The words were simple; the tone was not.
"What do you mean?" cried Molly sharply. "Do you mean to say I was riding with him?"
Mrs. Sweeney wagged her head with aggravating sagacity.
"Nobody needn't put on no shoe that don't fit 'em," she said, and sighed with the air of a martyr who has discovered all and is disappointed.
Molly knew that her question had been justified by the woman's insinuation, that she had put on no shoe, and that if there were a martyr in the room it was not the agent's wife. Thereupon she said things excitedly. The agent's wife assumed an injured placidity, than which there is nothing more aggravating. Finally Molly flounced out of the room.
The agent's wife, being utterly in the wrong, sulked after the manner of women for the rest of the day, and had to be sued for forgiveness.
And yet next day, when Molly and the half-breed drove away, Mrs. Sweeney remembered that the girl had been with them nearly fifteen years, and wept; and the agent booted a trespassing Indian from his office with unwonted energy.
Molly, on the other hand, was as happy as a lark. Every man knows the thrill of anticipation when he stows the gun case under the seat and induces the pointer to curl up in the straw, just as every woman knows the delight of an entrance to a room which her presence brightens more than any other's. Molly experienced the same thrill, the same delight. She had the instincts of the coquette; the confidence of inexperience; the false ideals of a knowledge drawn from books and speculation; and her heart had not yet awakened her conscience. She looked forward to her own power over men, for she was intelligent, and realized the extent both of her charms and of her knowledge. The latter was not inextensive, for in her reading she had enjoyed the overwhelming advantage of heredity. Heredity is a little scheme by which, to a great extent, one recognizes knowledge, instead of acquiring it.
They drove along for some distance without speaking. The girl was too happy and the half-breed too preoccupied to talk.
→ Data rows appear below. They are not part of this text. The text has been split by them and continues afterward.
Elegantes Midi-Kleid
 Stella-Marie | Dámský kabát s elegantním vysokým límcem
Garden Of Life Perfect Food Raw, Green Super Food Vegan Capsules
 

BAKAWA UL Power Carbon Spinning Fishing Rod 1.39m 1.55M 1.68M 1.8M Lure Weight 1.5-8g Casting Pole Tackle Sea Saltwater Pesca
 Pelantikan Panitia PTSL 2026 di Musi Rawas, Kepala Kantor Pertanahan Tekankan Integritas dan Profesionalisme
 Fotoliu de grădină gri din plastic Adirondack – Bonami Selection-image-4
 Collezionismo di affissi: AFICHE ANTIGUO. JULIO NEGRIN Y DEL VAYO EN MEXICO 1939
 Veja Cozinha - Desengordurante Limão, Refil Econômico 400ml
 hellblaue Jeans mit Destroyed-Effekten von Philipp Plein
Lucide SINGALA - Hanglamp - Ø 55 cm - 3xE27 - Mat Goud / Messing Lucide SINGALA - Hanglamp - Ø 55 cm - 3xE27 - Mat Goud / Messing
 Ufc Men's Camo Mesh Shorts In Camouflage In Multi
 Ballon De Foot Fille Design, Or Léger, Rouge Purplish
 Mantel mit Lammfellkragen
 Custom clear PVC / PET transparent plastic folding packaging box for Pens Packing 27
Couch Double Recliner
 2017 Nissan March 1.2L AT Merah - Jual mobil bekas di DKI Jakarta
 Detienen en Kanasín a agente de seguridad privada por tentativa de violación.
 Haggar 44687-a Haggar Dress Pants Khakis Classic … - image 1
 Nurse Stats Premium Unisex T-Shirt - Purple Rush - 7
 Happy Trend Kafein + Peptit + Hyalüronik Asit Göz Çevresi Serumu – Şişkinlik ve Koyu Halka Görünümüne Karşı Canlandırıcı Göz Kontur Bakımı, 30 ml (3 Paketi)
"Mike," she commanded suddenly after a time, "quit that smoking. I don't like it."
The half-breed hesitated, narrowing his brow, and looking straight ahead. Then he silently knocked the ashes from his pipe and slipped it into his pocket. Molly's eyes flashed with triumphant amusement. The game had begun. After a time the sun sank into the dark hills, and the great shadow of Harney crept out of them.
The wagon rattled down a short incline to the broad, shallow bed of the Cheyenne. Molly turned it aside into a little grass plat.
"We'll camp here to-night," she announced.
"There is better water two mile further, on the trail, on Fall River," said Lafond, without moving.
"I said we'd camp here!" repeated the girl sharply.
The half-breed descended and began to unharness the horses.